Most installers and their customers have personal preferences of which type of identification marker they think is best. Markers range from pre-printed slide-on, snap markers and printable flat, self-laminating or flag-style pressure sensitive labels, to heat shrink sleeves used on cables in harsh environments. With so much variety available, installers often turn to well-known brands or make their choice based on recommendations from a colleague they trust.
However, it's worth learning more about choosing the right product for the application as the right marker can save time, money and frustration.
They can often be exposed to chemicals, moisture, mechanical wear and tear, extreme temperatures and strong sunlight, all of which can reduce their life. The printing can rub off or fade or the material itself may become brittle. It’s important to choose a marker that will remain in place and readable so that maintenance technicians will be able to find a cable or termination quickly and efficiently.
The material is selected based on the temperature and conditions it will need to face during its life, so for example, a polyvinylidene fluoride label can resist waters, oils and cleaning agents as well as UV light. Alternatively, a heat shrink sleeve based on an irradiated cross-linked polyolefin can be used to identify wire and cable in really tough environments. This includes aviation where the wire, cable, and printed marker will experience extreme and frequent heat cycles between hot and cold as an aircraft takes off, flies, and lands. A third example is polyimide, which can be used as an adhesive label on printed circuit boards, as it can withstand the heat of soldering.
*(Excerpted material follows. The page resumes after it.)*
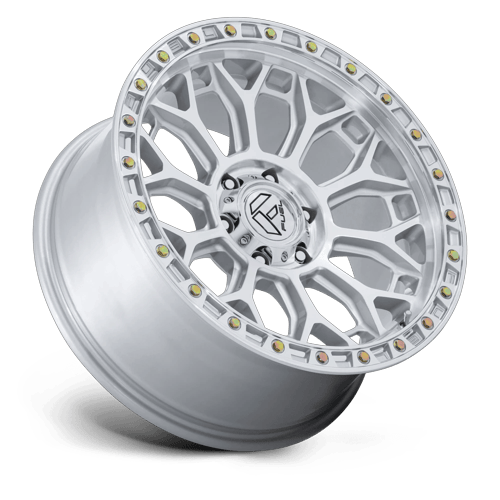 Fuel 1PC FC901 TALON 17x9 Gloss Silver W/ Machined Face 6x135 1mm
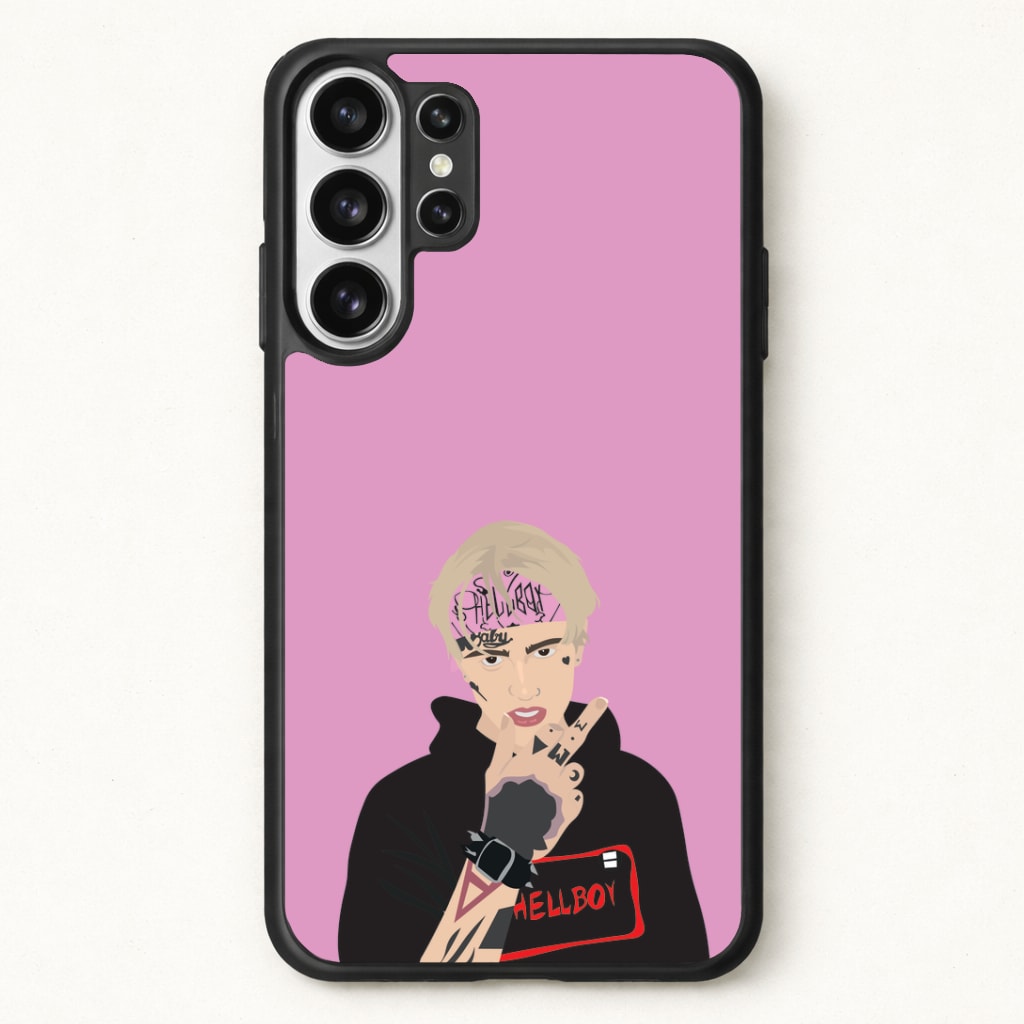 Pink Bandana - Peep Phone Case for Galaxy S26 Ultra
As well as taking into consideration the material for adhesive labels, the actual adhesive needs to be matched to the type of surface that the label needs to adhere to. It is relatively straightforward to find an adhesive to stick to a surface like glass but powder coated surfaces such as electrical cabinets have a low surface tension and require special adhesives.
Design and testing
When creating an identification marker, the ink and printing techniques are just as important as the label or sleeve itself. Many years of materials science have gone into the development of identification markers. To achieve long-term performance, we use a system approach that includes the material, printer ink, printer settings and print software.
Extensive and ongoing laboratory testing proves that the performance of the markers reaches industry standards. This includes simulating the stress caused by a tough environment with exposure to a combination of different chemicals, high or low temperatures, UV light, mechanical wear or proximity on a printed circuit board to the short but extreme heat of soldering.
Control and traceability are also key during manufacturing. Although the same ingredients may be used in the same quantities, the quality of the end product can still vary because of variables in the production process such as temperatures and mixing rates. Even the grain size of a chemical additive during production can also affect the long-term performance. However, tight control and traceability of the product, raw materials and manufacturing will lead to consistently high-quality markers that are dependable, readable and will remain firmly attached.
Ultimately, it’s important to check that the identification solution meets the standards and technical specifications of the application.